Iv Culp, President and Chief Executive Officer, commented, “We are excited to join Nasdaq and leverage its trading platforms and corporate solutions as we move into our next chapter following the recent completion of restructuring, integration and other transformational initiatives across our business. In addition, Nasdaq should provide us with a listing exchange more closely aligned with companies we consider to be peers in certain respects. We anticipate a seamless transition for our shareholders and would, of course, like to thank the NYSE for its partnership over the last three decades of our journey as a publicly traded company."

About the Company

Culp, Inc. is one of the largest marketers of mattress fabrics for bedding and upholstery fabrics for residential, commercial, and hospitality furniture and other applications in North America. The Company markets a variety of fabrics to its global customer base of leading bedding and furniture companies, including fabrics produced at Culp’s manufacturing facilities and fabrics sourced through other suppliers. Culp has manufacturing and sourcing capabilities located in the United States, China, Haiti, Turkey, and Vietnam.

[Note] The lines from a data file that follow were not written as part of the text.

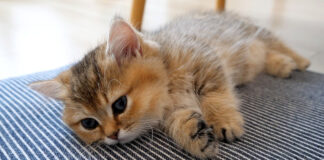 ウトウトする子猫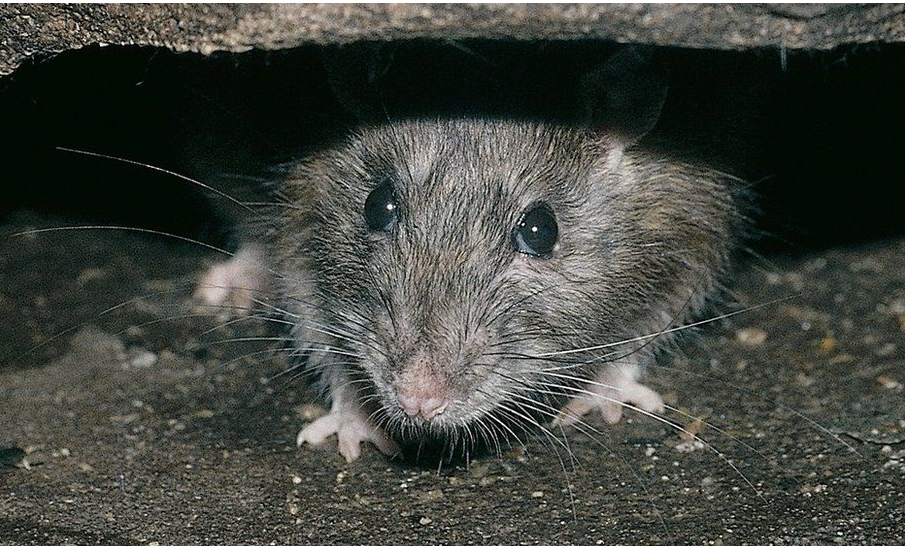 Foto: Getty Images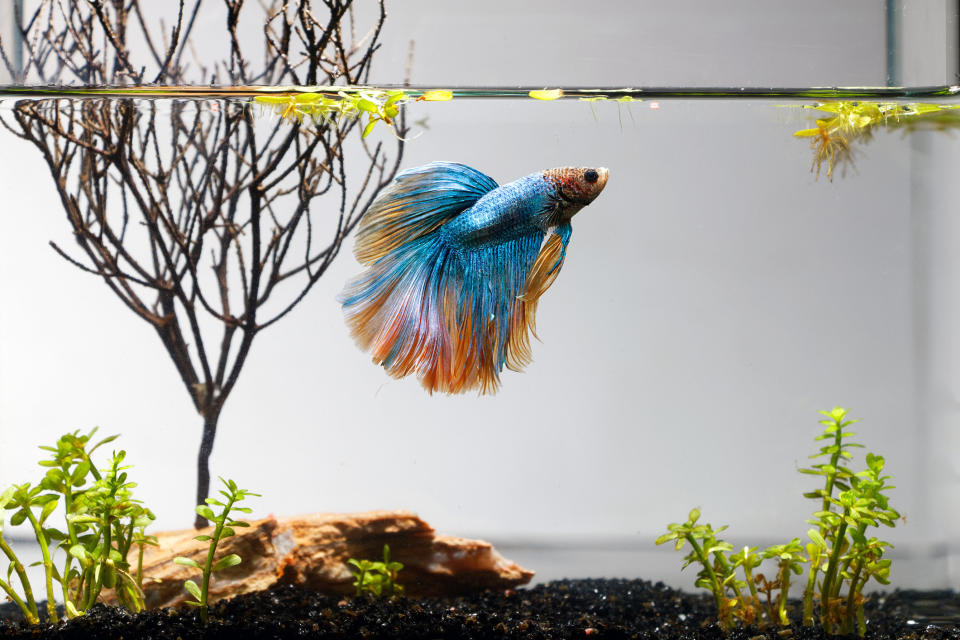 A stock image of a betta fish swimming in a tank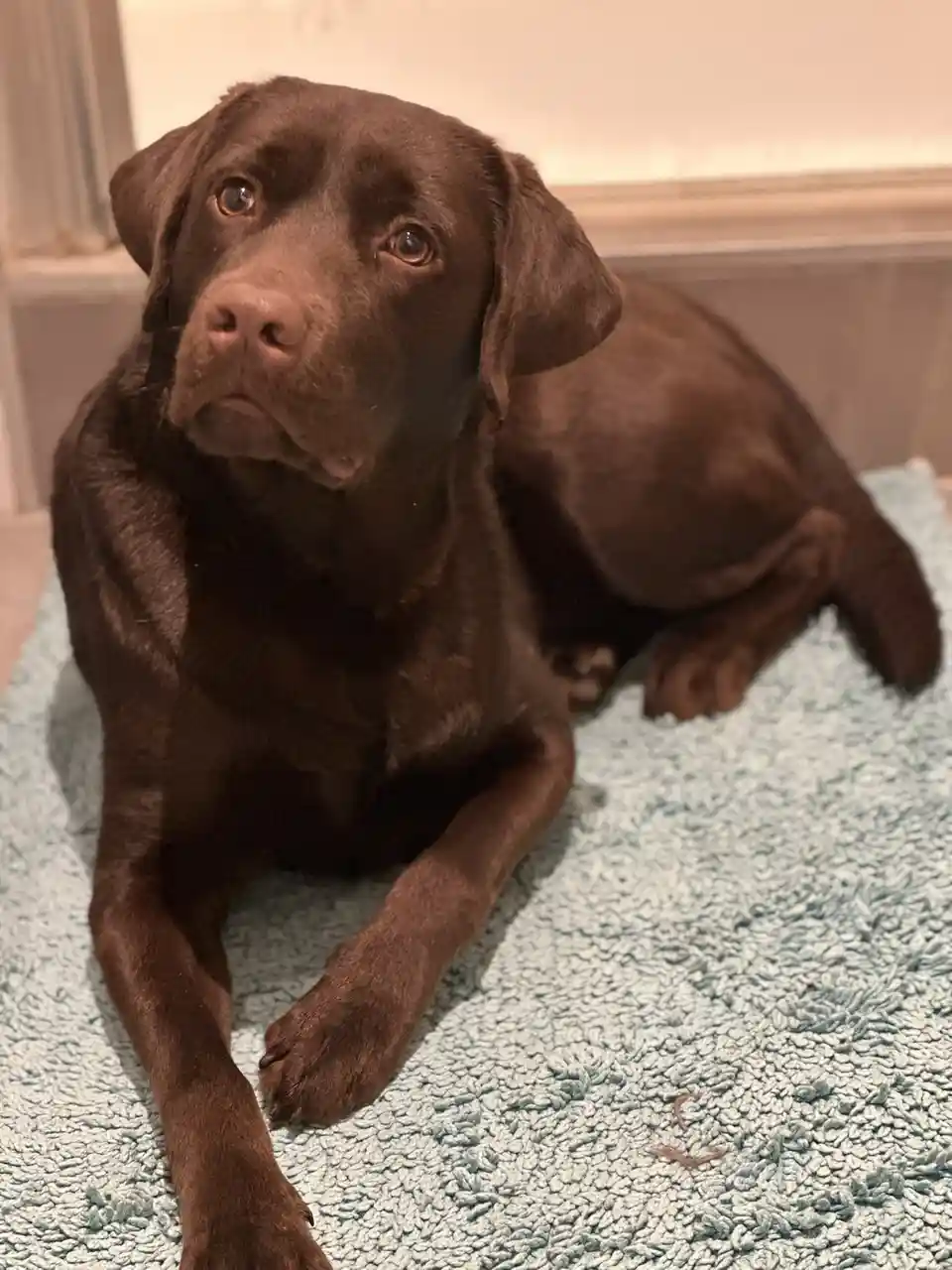 A chocolate Labrador Retriever is lying on a light blue shaggy rug, looking up with a sad, pleading expression. The dog's…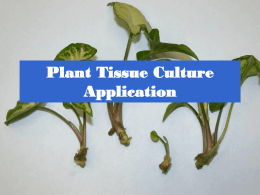 Lecture 2: Applications of Tissue Culture to Plant Improvement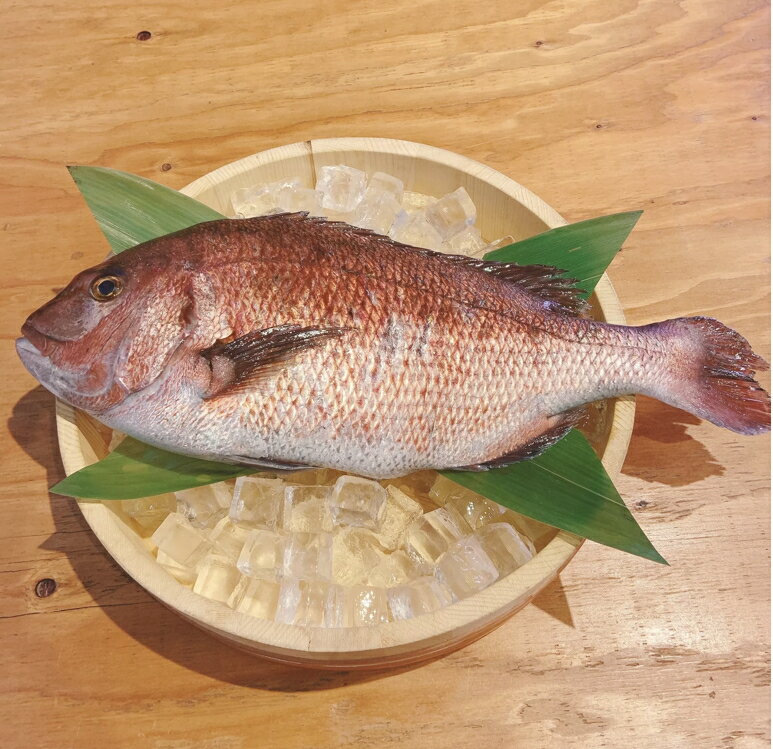 ��ǯ�� ���Ż����� ��1.5������4��(�����6����) �ޥ���4�� ��1����������1.5������ ������ ��̳������ ���� ���� ����Ź���� �� ���� �ޥ��� �饦��� ����ľ�� ���� ���ˤ� ���� �䤪¤�� ������ ��1�� ��������� ���ɿ� ���� �ɿ�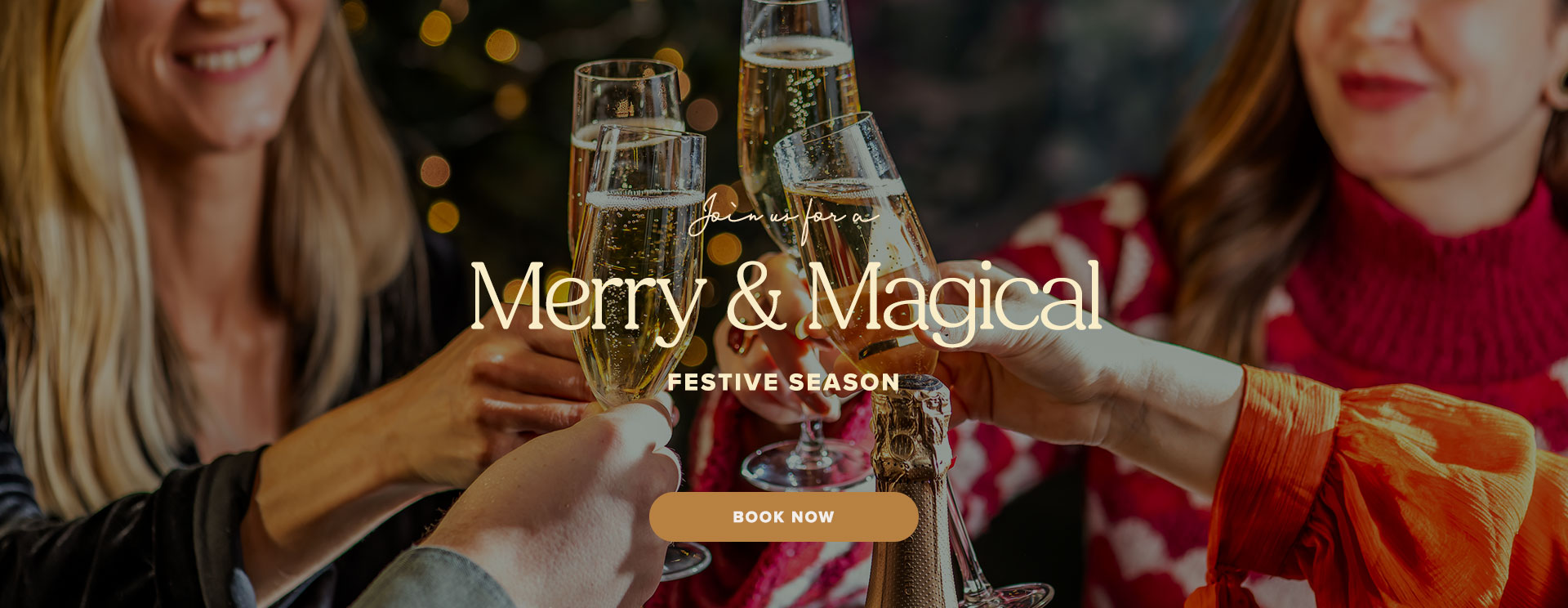 Christmas 2025 at Hagley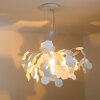 Zavaluce Andromeda pendant light white, 1-light source
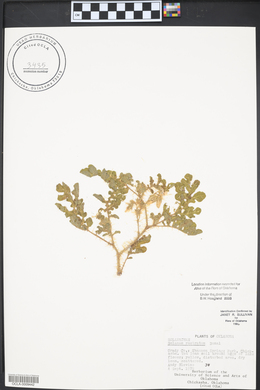 Solanum rostratum image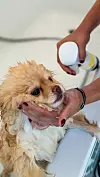 Amabalaža Pet Secret proizvoda, posebice sprejeva, sigurna je za vaše ljubimce jer ne sadrži potisne plinove i može se koristiti jednako u svim smjerovima.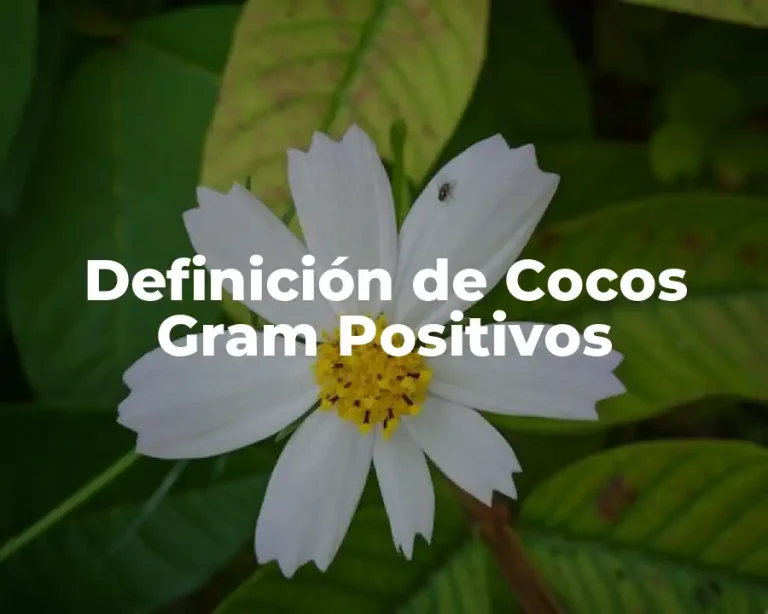 Definición de Cocos Gram Positivos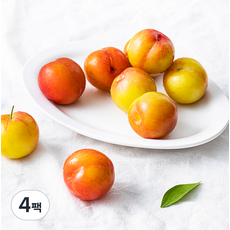 새벽경매 새콤달콤 하우스 꼬마자두, 300g(7~9입), 4팩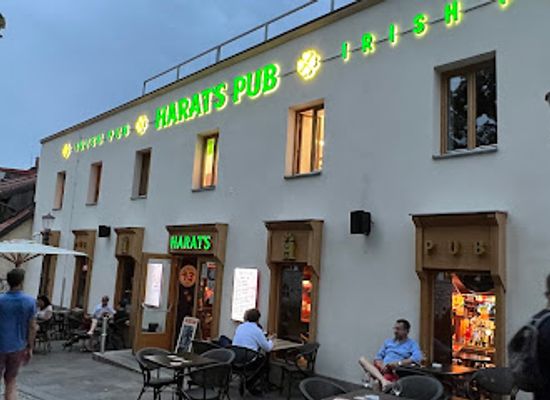 slovenia/lower-carniola/bar/pub-crawl-ljubljana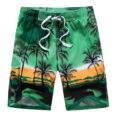 Men Plus Size Swimwear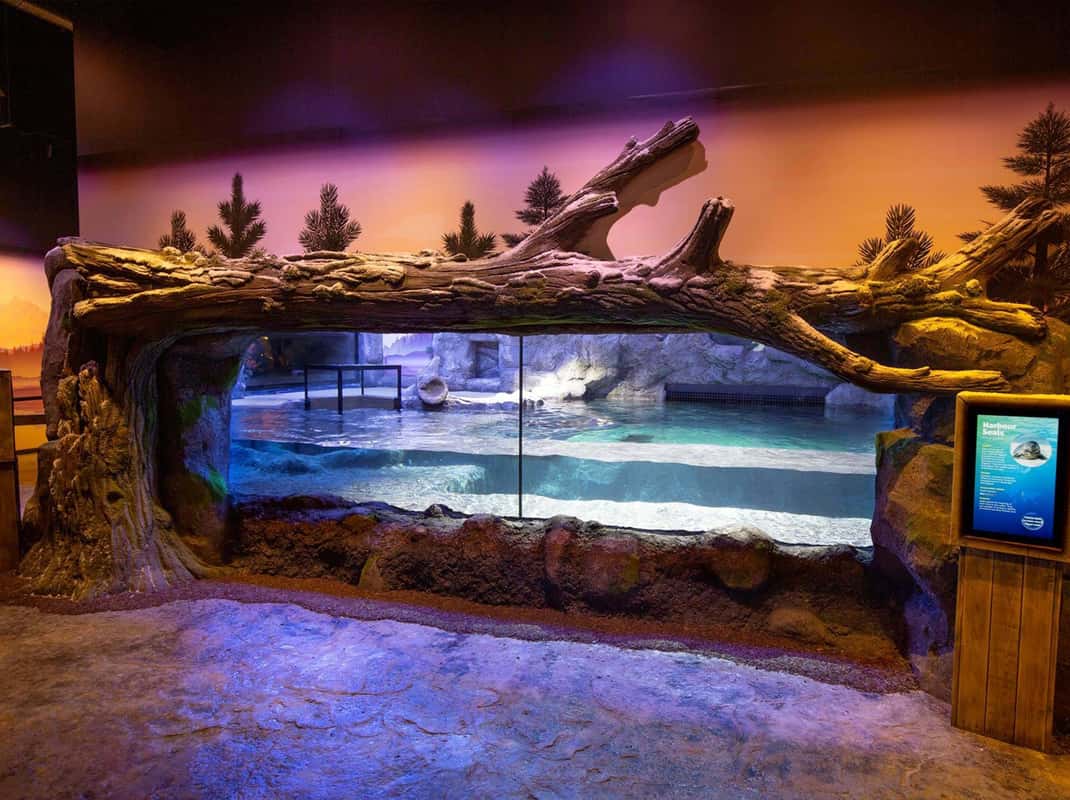 Haaien Sea Life Birmingham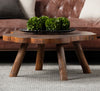 Natural Edge Coffee Table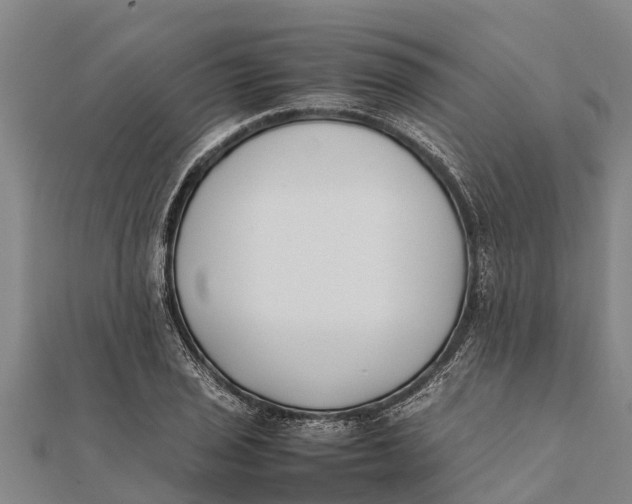 X0000111531029200908041300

Investor Relations Contact

Ken Bowling, Executive Vice President, Chief Financial Officer, and Treasurer:

(336) 881-5630

krbowling@culp.com

Forward Looking Statements

Certain matters contained in this release concerning the transfer of the Company’s stock listing constitute “forward-looking statements” within the meaning of the U.S. Private Securities Litigation Reform Act of 1995 and are based upon management's expectations and beliefs concerning future events impacting the Company. In addition, many factors outside the Company’s control, including risks related to any delays in the timing for implementing the transfer, potential market disruptions with respect to the trading of the Company’s common stock and potential impacts on the Company’s business or operations as it implements the transfer, could have a material adverse effect on the Company and on the trading price of the Company’s common stock.

There can be no assurance that these future events will occur as anticipated or that the Company’s outcomes will be as expected. Forward-looking statements speak only as of the date they were made, and the Company undertakes no obligation to publicly update them. Please refer to the cautionary statements set forth in in Item 1A “Risk Factors” in our most recent Form 10-K and Form 10-Q reports filed with the Securities and Exchange Commission for other factors that could affect our business or the impacts of this listing exchange transfer.